With this model, specialists linearly develop software in several increments (modifications). Due to this system, the software is improved regularly until its lifecycle is completed.
Project requirements are determined before the beginning of the work. Further, the development process is gradual where each version is developed and ready for use product.
- It is possible to see risks connected with expenses and deadline;
- A client can comment on each version of the product;
- The client gets used to the new methodology over time.
- Sometimes regular updates can break the system structure;
- Specialists should determined the functional system at the beginning of lifecycle to allocate iterations;
- The implementation schedule maybe not observed because of limited resources (material and executive ones).
This model of software development implies the usage of different approaches. It includes some approaches to software development that focus on iterative model usage. Also, this model uses a dynamic formulation of the requirements and their implementation during the constant interaction of self-organized working groups with various specialists.
Every iteration is a little project. One of the main ideas of agile methodology is face to face interaction between a client and e development team.
- Minimized risk;
- More simple paperwork management;
- All the team members make decisions quickly due to regular communication.
- Specialists rarely use this model for big projects;
- There are a lot of communications and meetings that influence the duration of the software development process;
- It is difficult to plan the work because of the continuous updates of requirements.
The essence of this model is that each stage is performed once and consecutively. Only after completion of the phase, you can proceed to the next one.
- Specialists regulate and execute all the project phases in strict sequence;
- Project requirements stay the same during the whole cycle;
- Strict completion of all the project stages allows planning resources and task completion date.
- QA engineers perform testing from the middle of a project;
- Often it is quite difficult to write requirements since they are unchanged and should be strictly determined;
- Finally, a user cannot make certain of the product quality unless it is completely developed.
This model is some kind of advanced version of the waterfall model since it helps to get rid of previous defects.
Its core is total control of the processes at all the stages of development to ensure that it’s time to move to the next phase. Testing begins at the stage of requirements formulation.
- Improved time management inside the quality assurance organizations;
- The implementation process has strictly regulated stages;
- Low risk and getting rid of potential bugs at the initial stages due to early testing.
- There are no actions to analyze risks;
- Impossible adaptation to new client’s requirements;
- The development process lasts too long (sometimes it takes even years). As a result, the product becomes irrelevant for the client.
Scrum is a software development approach that focuses attention on high-quality control of product development.
There are different roles (Product Owner, Scrum Master, and Team) that help to strictly separate everybody’s responsibilities. Scrum Master is responsible for project success in general and works with a management department and a development team.
Product Owner develops software, assigns tasks, and makes final decisions for the project team. Meanwhile, Team is a coherent structure where success is measured not through the single employee’s work but a total.

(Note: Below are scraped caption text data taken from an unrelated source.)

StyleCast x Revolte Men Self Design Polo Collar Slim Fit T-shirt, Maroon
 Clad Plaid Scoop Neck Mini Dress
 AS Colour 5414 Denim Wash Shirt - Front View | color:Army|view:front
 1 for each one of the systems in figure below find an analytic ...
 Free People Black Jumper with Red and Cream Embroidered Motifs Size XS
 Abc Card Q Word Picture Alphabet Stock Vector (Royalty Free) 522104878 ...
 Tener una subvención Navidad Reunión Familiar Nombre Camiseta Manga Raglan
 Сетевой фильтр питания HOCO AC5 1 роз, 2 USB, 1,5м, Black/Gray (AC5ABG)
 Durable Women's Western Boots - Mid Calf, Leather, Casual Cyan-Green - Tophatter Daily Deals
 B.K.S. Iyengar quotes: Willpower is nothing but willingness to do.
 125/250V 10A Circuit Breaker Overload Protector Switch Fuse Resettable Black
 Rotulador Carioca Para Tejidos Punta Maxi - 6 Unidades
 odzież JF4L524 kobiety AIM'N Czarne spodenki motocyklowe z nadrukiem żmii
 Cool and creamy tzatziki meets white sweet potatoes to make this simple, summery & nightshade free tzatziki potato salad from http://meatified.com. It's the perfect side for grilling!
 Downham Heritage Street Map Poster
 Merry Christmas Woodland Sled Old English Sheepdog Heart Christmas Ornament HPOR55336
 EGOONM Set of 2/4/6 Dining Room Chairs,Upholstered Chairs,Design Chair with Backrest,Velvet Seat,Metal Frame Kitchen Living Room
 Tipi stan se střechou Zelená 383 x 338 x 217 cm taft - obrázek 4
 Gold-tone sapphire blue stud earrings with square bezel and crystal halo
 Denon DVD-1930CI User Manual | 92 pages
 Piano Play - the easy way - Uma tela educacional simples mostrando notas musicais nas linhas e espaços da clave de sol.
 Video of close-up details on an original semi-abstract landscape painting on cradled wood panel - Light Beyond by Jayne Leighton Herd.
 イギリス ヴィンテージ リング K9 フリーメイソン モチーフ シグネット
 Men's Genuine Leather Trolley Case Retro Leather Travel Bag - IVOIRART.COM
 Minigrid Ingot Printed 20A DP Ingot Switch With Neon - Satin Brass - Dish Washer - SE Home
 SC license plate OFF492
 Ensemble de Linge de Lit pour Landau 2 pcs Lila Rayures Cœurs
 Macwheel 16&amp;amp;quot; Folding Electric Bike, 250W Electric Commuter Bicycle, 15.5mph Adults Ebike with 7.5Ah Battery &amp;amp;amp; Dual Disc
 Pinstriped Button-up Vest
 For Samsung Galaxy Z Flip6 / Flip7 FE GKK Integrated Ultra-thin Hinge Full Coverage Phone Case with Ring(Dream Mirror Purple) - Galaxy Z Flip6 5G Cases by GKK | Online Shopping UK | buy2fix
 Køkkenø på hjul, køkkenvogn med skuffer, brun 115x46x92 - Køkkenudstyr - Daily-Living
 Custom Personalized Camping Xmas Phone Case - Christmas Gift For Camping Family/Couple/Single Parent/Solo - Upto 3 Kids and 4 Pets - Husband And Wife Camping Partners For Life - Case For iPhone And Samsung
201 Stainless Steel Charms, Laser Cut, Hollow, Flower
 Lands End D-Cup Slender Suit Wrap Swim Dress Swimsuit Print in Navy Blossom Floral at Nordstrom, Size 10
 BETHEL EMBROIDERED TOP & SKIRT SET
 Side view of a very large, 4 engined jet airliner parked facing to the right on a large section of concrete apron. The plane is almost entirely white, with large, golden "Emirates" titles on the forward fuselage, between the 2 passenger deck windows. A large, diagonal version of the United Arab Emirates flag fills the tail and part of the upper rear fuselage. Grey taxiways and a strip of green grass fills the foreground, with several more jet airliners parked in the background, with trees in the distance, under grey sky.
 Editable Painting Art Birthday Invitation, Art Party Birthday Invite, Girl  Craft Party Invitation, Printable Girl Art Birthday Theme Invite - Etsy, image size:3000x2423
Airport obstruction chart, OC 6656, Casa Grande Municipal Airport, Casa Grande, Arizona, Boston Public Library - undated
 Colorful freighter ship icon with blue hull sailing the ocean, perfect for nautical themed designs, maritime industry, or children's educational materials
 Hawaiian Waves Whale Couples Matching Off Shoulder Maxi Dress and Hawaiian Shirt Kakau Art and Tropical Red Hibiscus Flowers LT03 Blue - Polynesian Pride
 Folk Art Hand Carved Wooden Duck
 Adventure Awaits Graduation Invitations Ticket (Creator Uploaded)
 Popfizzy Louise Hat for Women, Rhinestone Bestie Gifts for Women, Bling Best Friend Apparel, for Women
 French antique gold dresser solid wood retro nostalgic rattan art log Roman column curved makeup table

In this model sprints last 1 – 4 weeks. After completion of each sprint the team shows a product build.
- Independence and self-organization of a team;
- Quick feedback between employees of different work areas;
- A tester participates in the project; this makes it possible to quickly add new functionality and launch the product with minimum functions.
- Sometimes clients don’t understand how this model works and it takes some time to make it clear for them;
- Since there is no documentation while product development, employees who know this product well become essential;
- Obviously, there is no way to plan a concrete date of work completion since everything depends on the previous sprint.
This model describes the software lifecycle in the form of a spiral. It starts at the stage of writing a plan and makes so-called whorls after each stage is completed.
Thus, at the end of each whorl, we get an integral mock-up that was under test and completes the whole build. If this mock-up meets all the requirements, then it is ready for production.
- Firstly, it’s flexible projecting;
- Also, there is enough attention to risk management;
- And finally, it is possible to add new functionality at the late stage of development.
- Usually, specialists use it for big projects;
- Risk assessment at each stage causes huge expenses;
- A situation, when a client can regularly give feedback, incites updated iterations; and this influences a term of software development.
In the world of the IT industry, there are a lot of different methodologies of the software development lifecycle. The choice of one of them depends on defined requirements, product peculiarities, and payment model. Of course, every methodology reflects in others but still has its individual and distinctive features.